[Crawled caption data]
-------

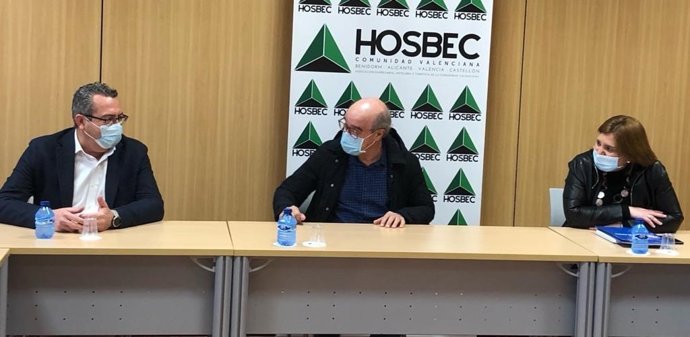Reunión entre HOSBEC, Bonig y Toni Pérez en Benidorm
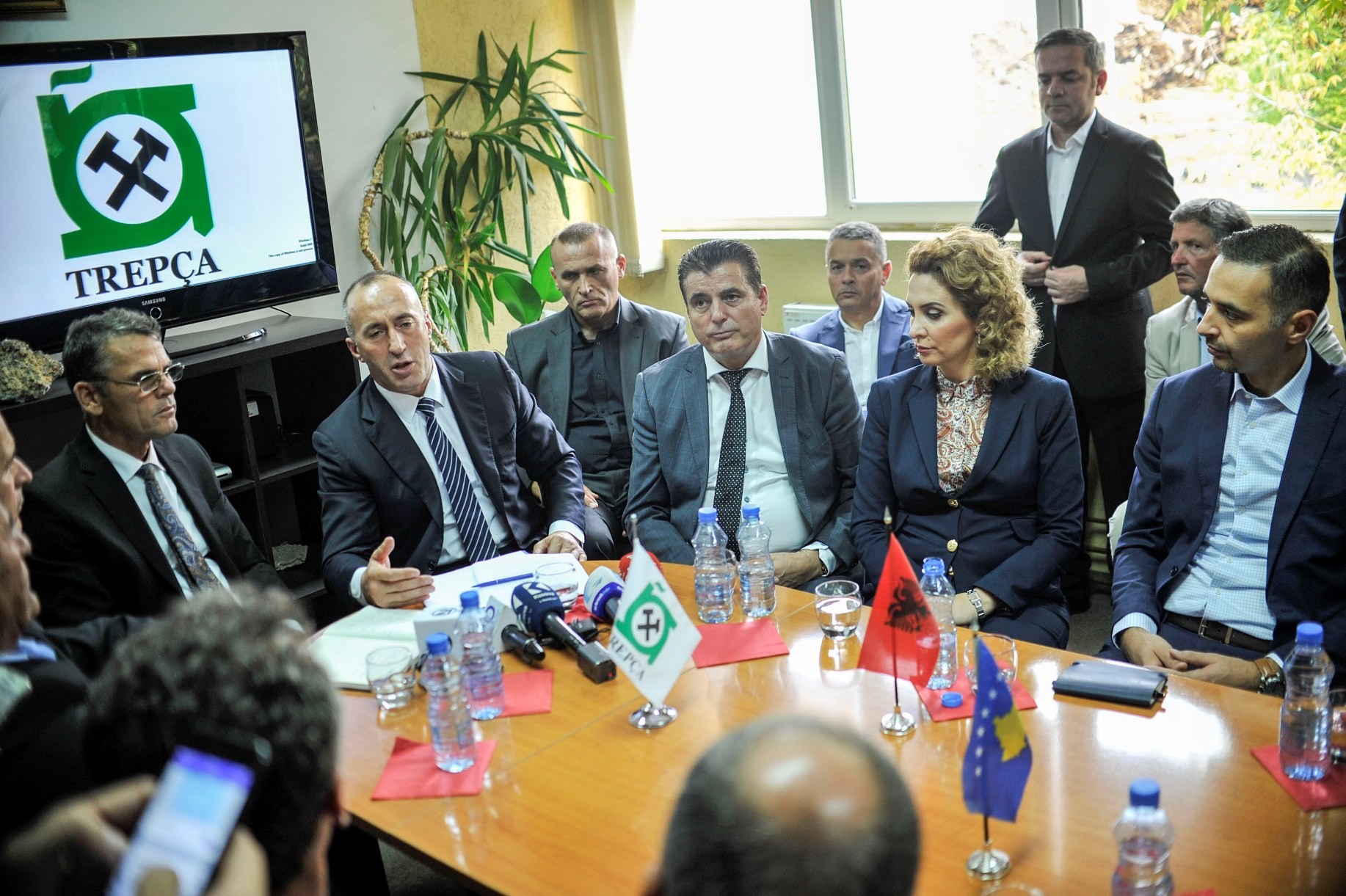 Haradinaj u premtoi minatorëve të Trepçës punësimin e familjarëve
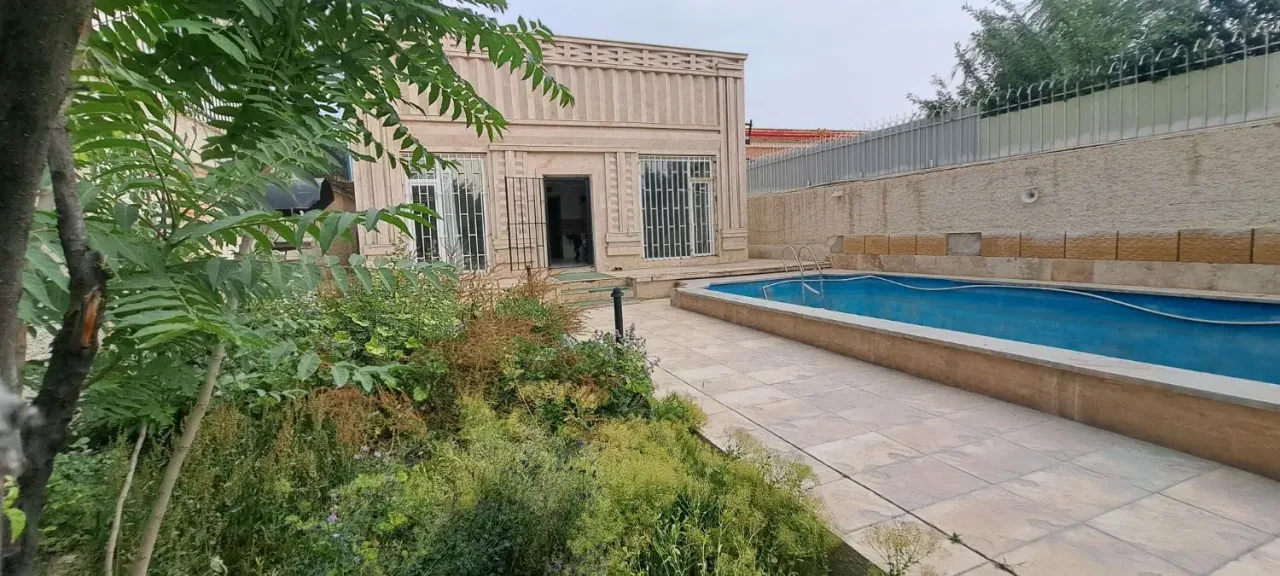 ویلای ۱۱۰ متری دوخوابه با استخر در سهیلیه بهاران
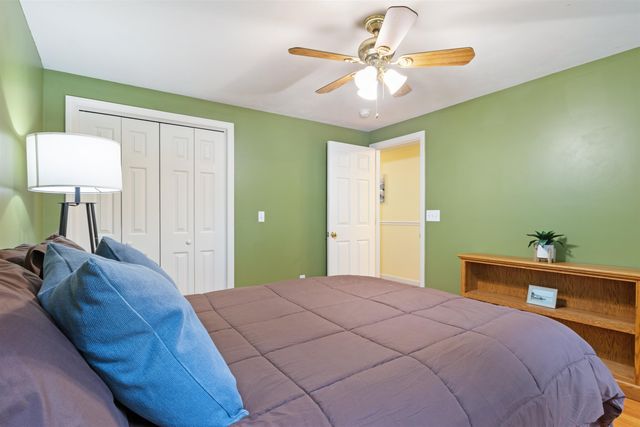 29 Abenaki Circle, Chester, NH 03036
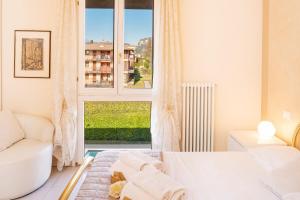 Postel nebo postele na pokoji v ubytování Elena Apartment - Free Secure Parking - Center - Pool - View Lake + 14 fotografií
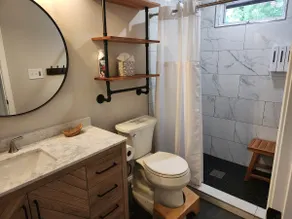 Private retreat in Manassas sleeps 7-1 hr from DC - Image 5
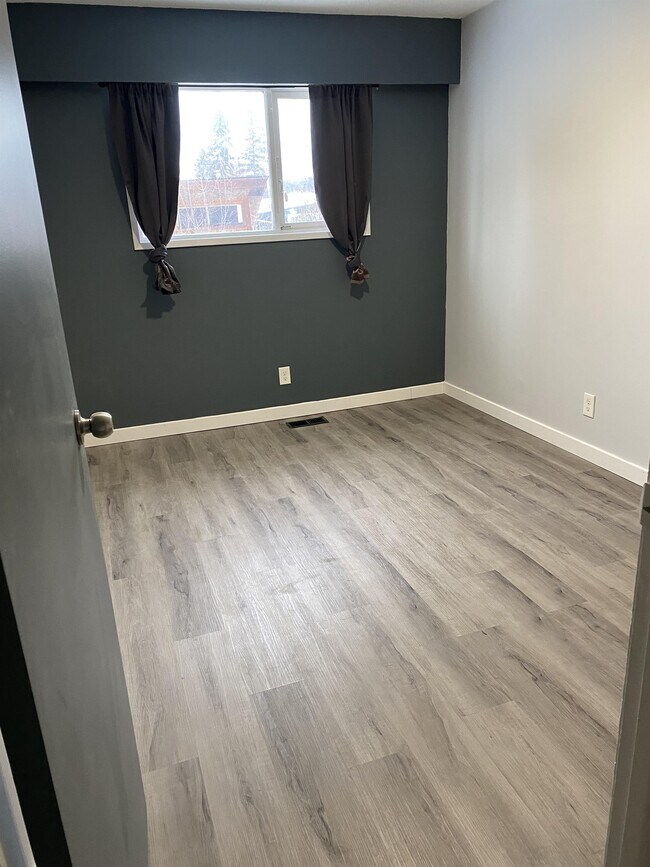 Photo - 2145 Victoria St Unit 2145 A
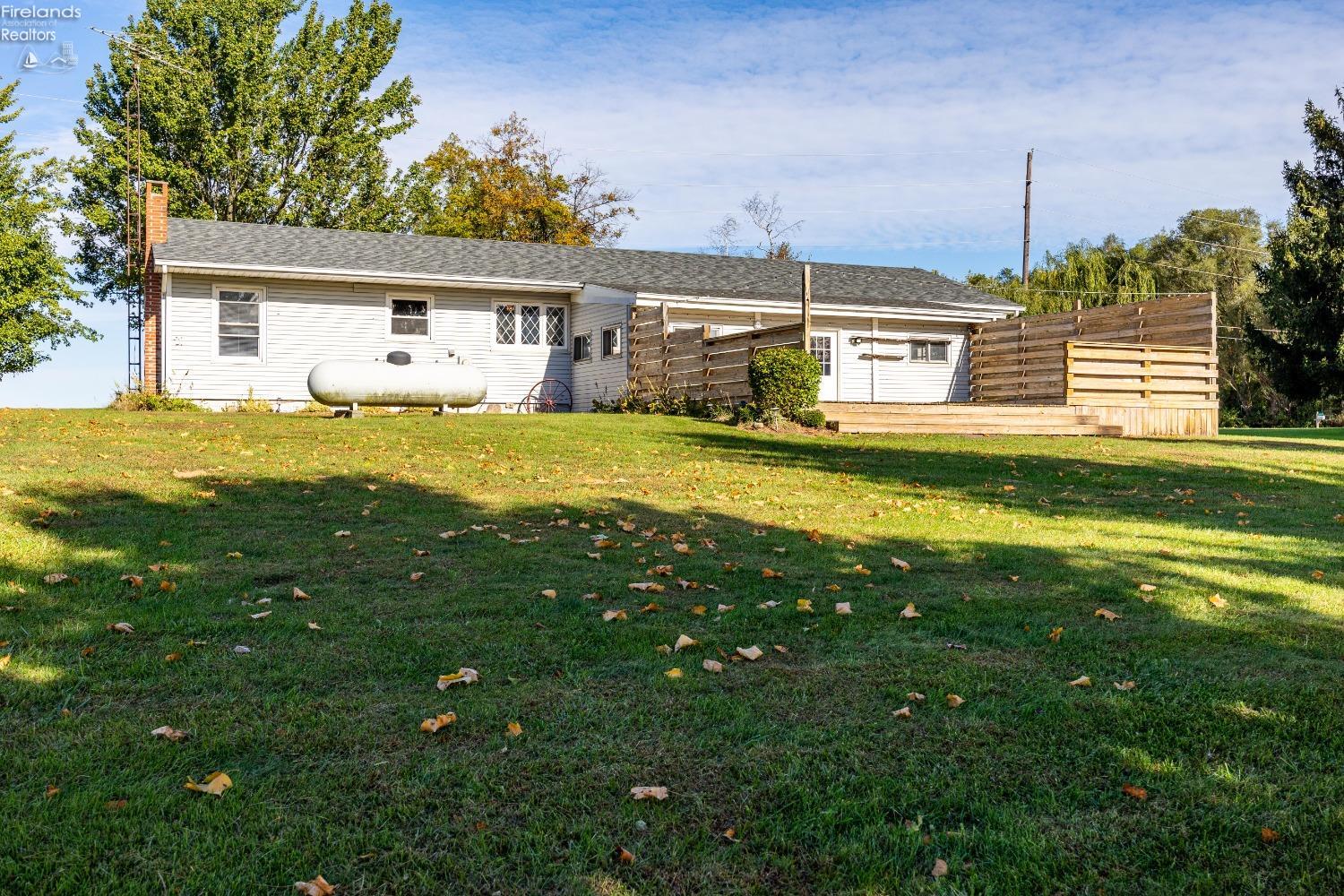 3679 County Road 175, Clyde, Ohio image 9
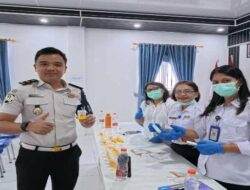 Bersama Puskesmas Matiti, Rutan Humbang Hasundutan Laksanakan Tes Urine Pegawai dan WBP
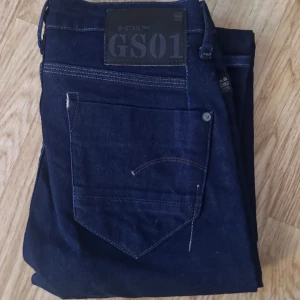 Lågmidjade G-Star jeans - Säljer dessa jättefina lågmidjade G-Star jeans pga att dem inte passar mig längre. De är i jättebra skick och det är inga defekter på dem. Har bara testat dem!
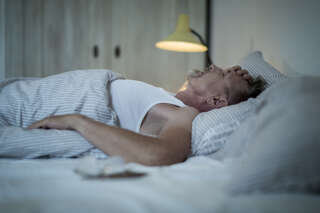 Pour enfin trouver le sommeil, ce spécialiste des insomnies a des conseils surprenants
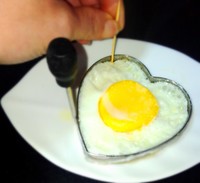 完美心型煎蛋技巧的做法 步骤6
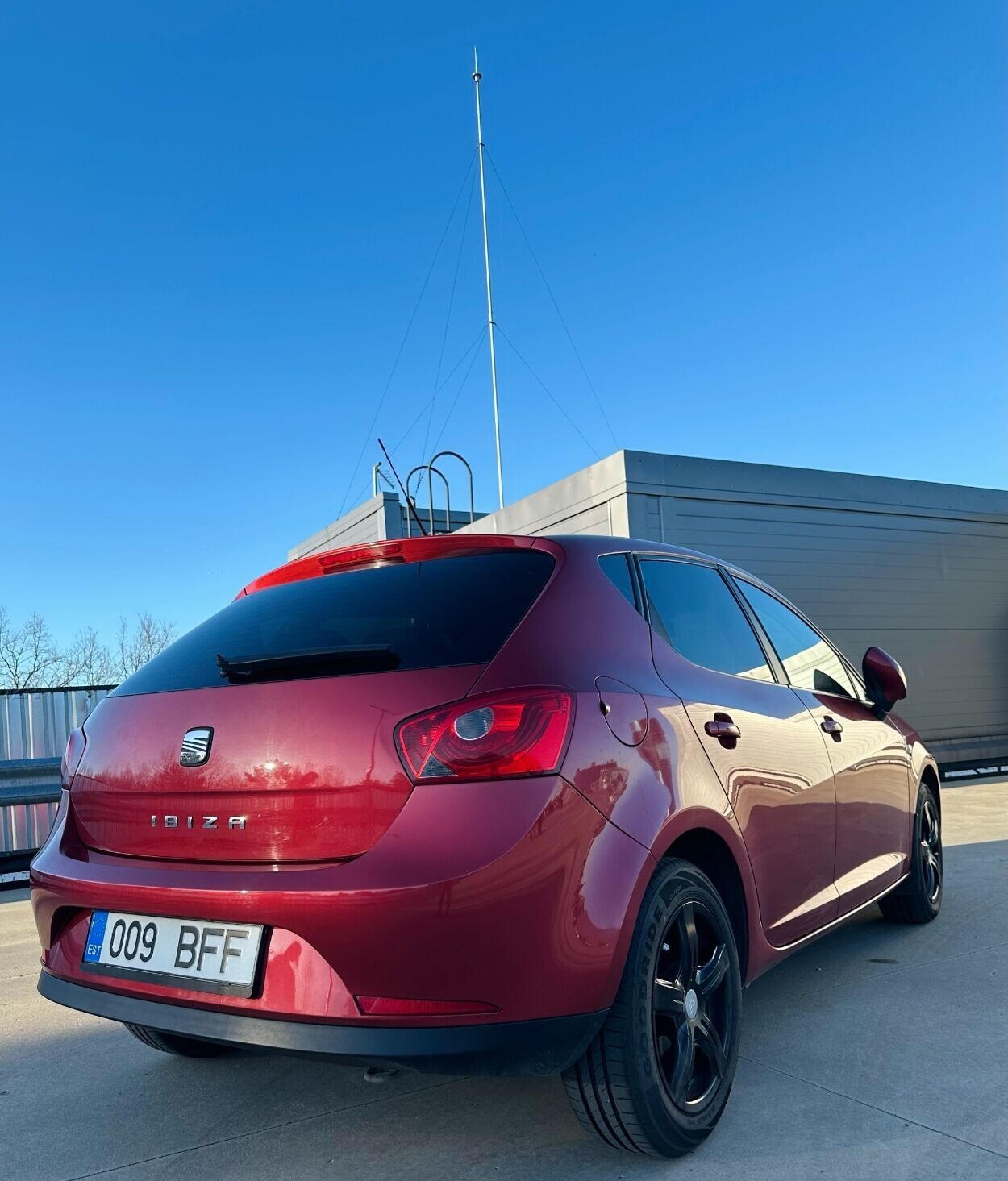 SEAT Ibiza 2011, photo 2/6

-------

When you reach the line with "Photo - 2145 Victoria St Unit 2145 A" in the records above, begin repeating the lines exactly, and stop after the line with "Bersama Puskesmas Matiti, Rutan". Skip all pictures.

 Photo - 2145 Victoria St Unit 2145 A
 3679 County Road 175, Clyde, Ohio image 9
 Bersama Puskesmas Matiti, Rutan Humbang Hasundutan Laksanakan Tes Urine Pegawai dan WBP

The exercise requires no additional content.